= Work to be completed =
Set down every entry once more, character for character.
START Source data
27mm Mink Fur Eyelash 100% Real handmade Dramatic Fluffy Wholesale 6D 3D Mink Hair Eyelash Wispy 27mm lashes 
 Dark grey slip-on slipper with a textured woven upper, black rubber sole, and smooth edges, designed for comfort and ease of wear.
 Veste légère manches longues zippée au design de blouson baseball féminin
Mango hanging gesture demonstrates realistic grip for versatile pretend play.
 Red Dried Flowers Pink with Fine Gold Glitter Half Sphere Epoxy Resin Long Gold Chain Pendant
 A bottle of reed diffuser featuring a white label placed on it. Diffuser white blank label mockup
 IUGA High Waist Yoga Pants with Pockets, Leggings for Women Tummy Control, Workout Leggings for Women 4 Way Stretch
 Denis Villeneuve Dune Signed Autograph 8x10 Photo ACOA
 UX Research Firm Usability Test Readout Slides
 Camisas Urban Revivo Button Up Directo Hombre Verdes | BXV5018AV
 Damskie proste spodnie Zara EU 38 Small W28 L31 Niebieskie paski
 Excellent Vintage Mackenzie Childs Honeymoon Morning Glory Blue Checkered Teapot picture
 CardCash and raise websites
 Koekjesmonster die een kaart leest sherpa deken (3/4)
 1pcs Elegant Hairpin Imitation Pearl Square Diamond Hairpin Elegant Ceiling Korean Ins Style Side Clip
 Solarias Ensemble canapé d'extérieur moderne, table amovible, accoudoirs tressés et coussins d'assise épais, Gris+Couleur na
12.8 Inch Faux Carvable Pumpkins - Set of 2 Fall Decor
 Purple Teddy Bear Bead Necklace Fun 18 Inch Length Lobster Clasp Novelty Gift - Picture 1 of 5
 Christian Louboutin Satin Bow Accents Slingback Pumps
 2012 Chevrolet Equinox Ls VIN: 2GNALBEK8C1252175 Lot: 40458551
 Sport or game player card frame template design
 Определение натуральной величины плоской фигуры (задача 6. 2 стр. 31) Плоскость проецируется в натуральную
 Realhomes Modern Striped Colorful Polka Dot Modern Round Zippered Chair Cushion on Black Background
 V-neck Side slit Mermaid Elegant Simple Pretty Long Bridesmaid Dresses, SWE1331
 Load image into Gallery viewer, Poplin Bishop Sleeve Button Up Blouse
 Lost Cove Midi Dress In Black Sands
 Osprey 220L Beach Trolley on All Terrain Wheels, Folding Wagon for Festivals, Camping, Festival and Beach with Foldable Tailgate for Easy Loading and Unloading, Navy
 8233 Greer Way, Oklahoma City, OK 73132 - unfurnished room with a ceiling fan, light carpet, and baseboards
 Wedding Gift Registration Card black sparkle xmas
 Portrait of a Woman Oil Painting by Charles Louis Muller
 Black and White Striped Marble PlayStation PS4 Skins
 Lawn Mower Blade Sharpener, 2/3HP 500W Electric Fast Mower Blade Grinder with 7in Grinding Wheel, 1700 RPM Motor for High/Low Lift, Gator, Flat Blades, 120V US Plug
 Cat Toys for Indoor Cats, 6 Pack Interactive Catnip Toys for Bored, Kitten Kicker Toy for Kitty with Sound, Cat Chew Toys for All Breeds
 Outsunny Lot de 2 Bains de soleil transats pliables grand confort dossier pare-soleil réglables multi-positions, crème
END Source data
= Output for this task =
27mm Mink Fur Eyelash 100% Real handmade Dramatic Fluffy Wholesale 6D 3D Mink Hair Eyelash Wispy 27mm lashes 
 Dark grey slip-on slipper with a textured woven upper, black rubber sole, and smooth edges, designed for comfort and ease of wear.
 Veste légère manches longues zippée au design de blouson baseball féminin
Mango hanging gesture demonstrates realistic grip for versatile pretend play.
 Red Dried Flowers Pink with Fine Gold Glitter Half Sphere Epoxy Resin Long Gold Chain Pendant
 A bottle of reed diffuser featuring a white label placed on it. Diffuser white blank label mockup
 IUGA High Waist Yoga Pants with Pockets, Leggings for Women Tummy Control, Workout Leggings for Women 4 Way Stretch
 Denis Villeneuve Dune Signed Autograph 8x10 Photo ACOA
 UX Research Firm Usability Test Readout Slides
 Camisas Urban Revivo Button Up Directo Hombre Verdes | BXV5018AV
 Damskie proste spodnie Zara EU 38 Small W28 L31 Niebieskie paski
 Excellent Vintage Mackenzie Childs Honeymoon Morning Glory Blue Checkered Teapot picture
 CardCash and raise websites
 Koekjesmonster die een kaart leest sherpa deken (3/4)
 1pcs Elegant Hairpin Imitation Pearl Square Diamond Hairpin Elegant Ceiling Korean Ins Style Side Clip
 Solarias Ensemble canapé d'extérieur moderne, table amovible, accoudoirs tressés et coussins d'assise épais, Gris+Couleur na
12.8 Inch Faux Carvable Pumpkins - Set of 2 Fall Decor
 Purple Teddy Bear Bead Necklace Fun 18 Inch Length Lobster Clasp Novelty Gift - Picture 1 of 5
 Christian Louboutin Satin Bow Accents Slingback Pumps
 2012 Chevrolet Equinox Ls VIN: 2GNALBEK8C1252175 Lot: 40458551
 Sport or game player card frame template design
 Определение натуральной величины плоской фигуры (задача 6. 2 стр. 31) Плоскость проецируется в натуральную
 Realhomes Modern Striped Colorful Polka Dot Modern Round Zippered Chair Cushion on Black Background
 V-neck Side slit Mermaid Elegant Simple Pretty Long Bridesmaid Dresses, SWE1331
 Load image into Gallery viewer, Poplin Bishop Sleeve Button Up Blouse
 Lost Cove Midi Dress In Black Sands
 Osprey 220L Beach Trolley on All Terrain Wheels, Folding Wagon for Festivals, Camping, Festival and Beach with Foldable Tailgate for Easy Loading and Unloading, Navy
 8233 Greer Way, Oklahoma City, OK 73132 - unfurnished room with a ceiling fan, light carpet, and baseboards
 Wedding Gift Registration Card black sparkle xmas
 Portrait of a Woman Oil Painting by Charles Louis Muller
 Black and White Striped Marble PlayStation PS4 Skins
 Lawn Mower Blade Sharpener, 2/3HP 500W Electric Fast Mower Blade Grinder with 7in Grinding Wheel, 1700 RPM Motor for High/Low Lift, Gator, Flat Blades, 120V US Plug
 Cat Toys for Indoor Cats, 6 Pack Interactive Catnip Toys for Bored, Kitten Kicker Toy for Kitty with Sound, Cat Chew Toys for All Breeds
 Outsunny Lot de 2 Bains de soleil transats pliables grand confort dossier pare-soleil réglables multi-positions, crème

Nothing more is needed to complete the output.